Em outras palavras, o atual campeão econômico da zona do euro deu o calote três vezes ao longo do século 20: nos anos 1930, em 1953 e em 1990. “A Alemanha não pagou suas reparações após 1990 - com exceção das indenizações pagas aos trabalhadores forçados”, diz Albrecht Ritschl ao “Der Spiegel”. “Os créditos obtidos à força nos países ocupados durante a Segunda Guerra Mundial e os gastos associados à Ocupação tampouco foram pagos. À Grécia também não.” Mas “ninguém na Grécia se esqueceu de que a República Federal devia sua boa forma econômica aos favores consentidos por outras nações”, ele diz.

A República Federal indenizou a Grécia uma única vez: 115 milhões de marcos alemães (cerca de 58 milhões de euros). Foi em 1960, como parte de um acordo global com diversos países europeus e Israel. Desde então, a Alemanha acredita ter quitado sua dívida. Melhor ainda, ela não hesita em lembrar que ela “pagou desde 1960 cerca de 33 bilhões de marcos alemães em ajuda à Grécia, tanto de maneira bilateral como parte da União Europeia”. A isso se deve acrescentar que a Grécia recebeu mais de US$ 700 milhões da época como parte do Plano Marshall.

Cohn-Bendit: uma questão “moral”
Só que nesse período de crise continental, nem todo mundo, inclusive na Alemanha, se satisfaz com os imensos favores concedidos a Berlim após a guerra. Sufocados por suas dívidas e pressionados por Berlim a aplicar os planos de austeridade, há cada vez mais gregos querendo dividir parte de seu fardo com seus antigos invasores.

A soma de 162 bilhões de euros mencionada vai bem além do pagamento do empréstimo forçado, estimado entre 54 bilhões e 81 bilhões de euros. Além disso, ela engloba os 108 bilhões avaliados durante a Conferência Internacional de Paz em Paris para a reparação dos prejuízos causados pelas tropas nazistas à infraestrutura econômica do país.

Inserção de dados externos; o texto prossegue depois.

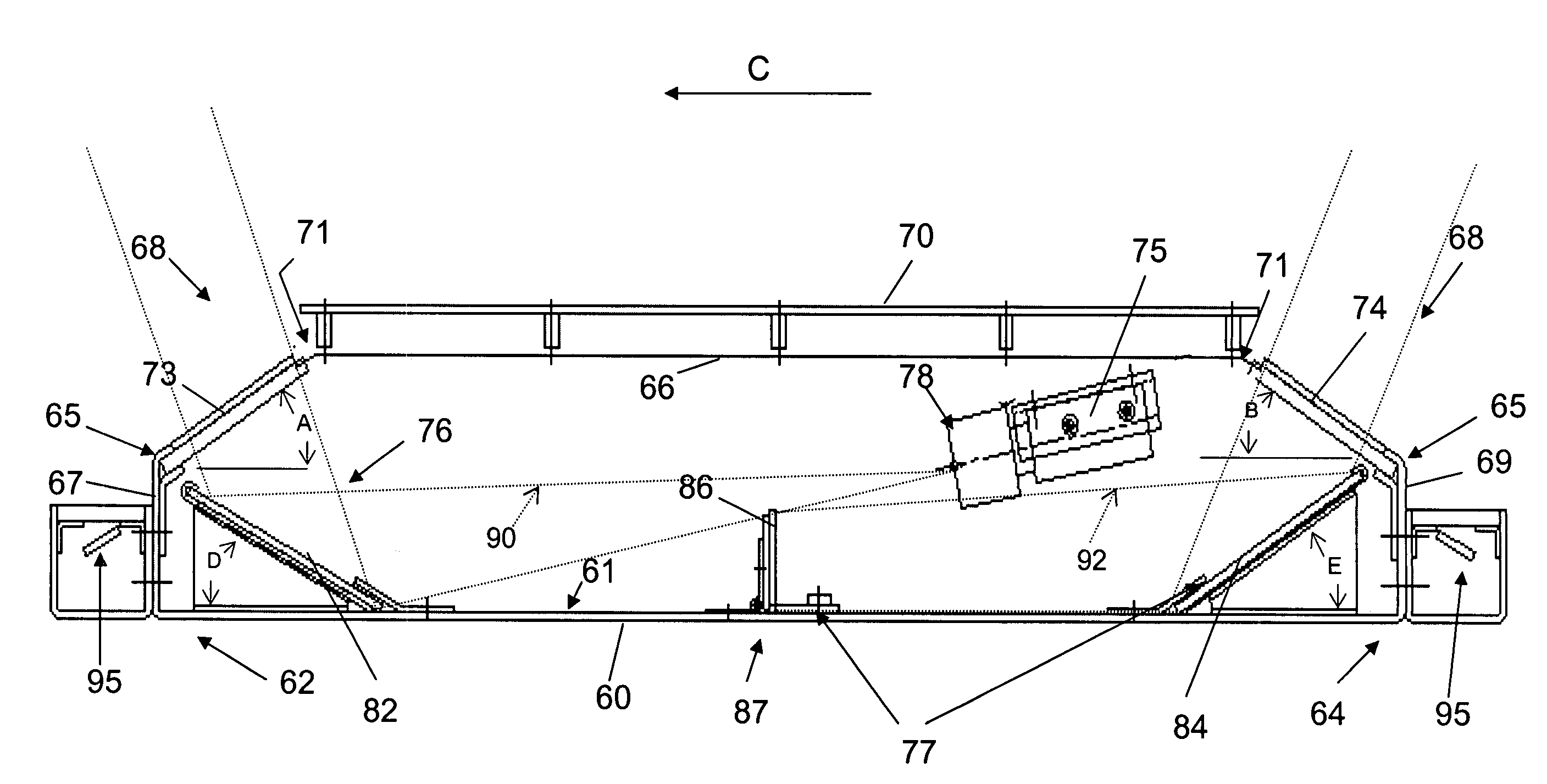 Entry control point device, system and method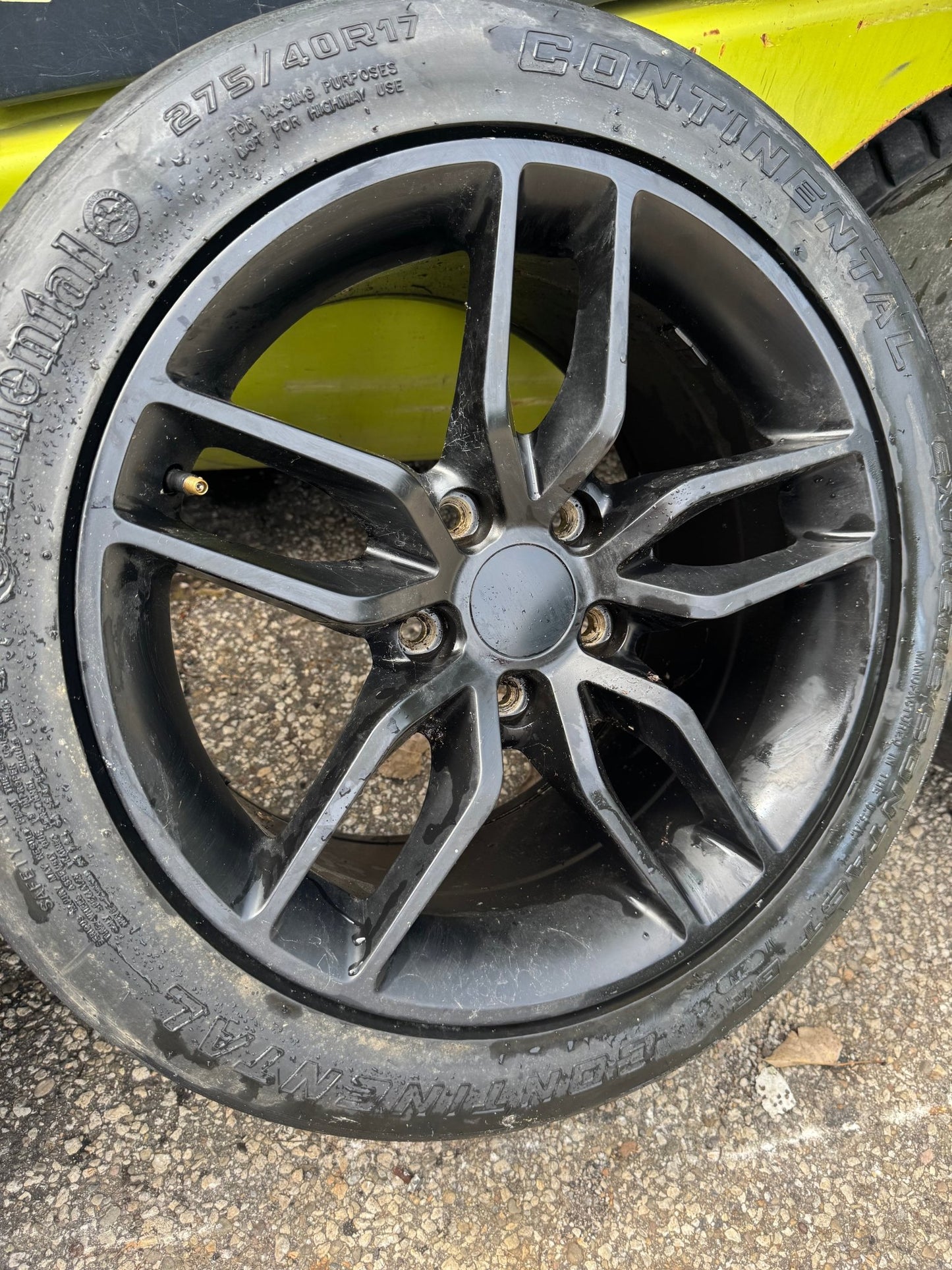 Jegs C7 Corvette Stingray Style Wheels Set Of 4 17x9.5 +56 5x114.3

Já Daniel Cohn-Bendit se coloca em um “plano moral”: “Os alemães, que se dizem virtuosos, acreditam que os gregos pecaram e que eles devem pagar. Ora, os que mais pecaram foram justamente os alemães, cuja dívida foi apagada porque os americanos viram ali um interesse estratégico. Por que não considerar que salvar a Grécia é algo estratégico, em vez de fazer esse país se pôr de joelhos?”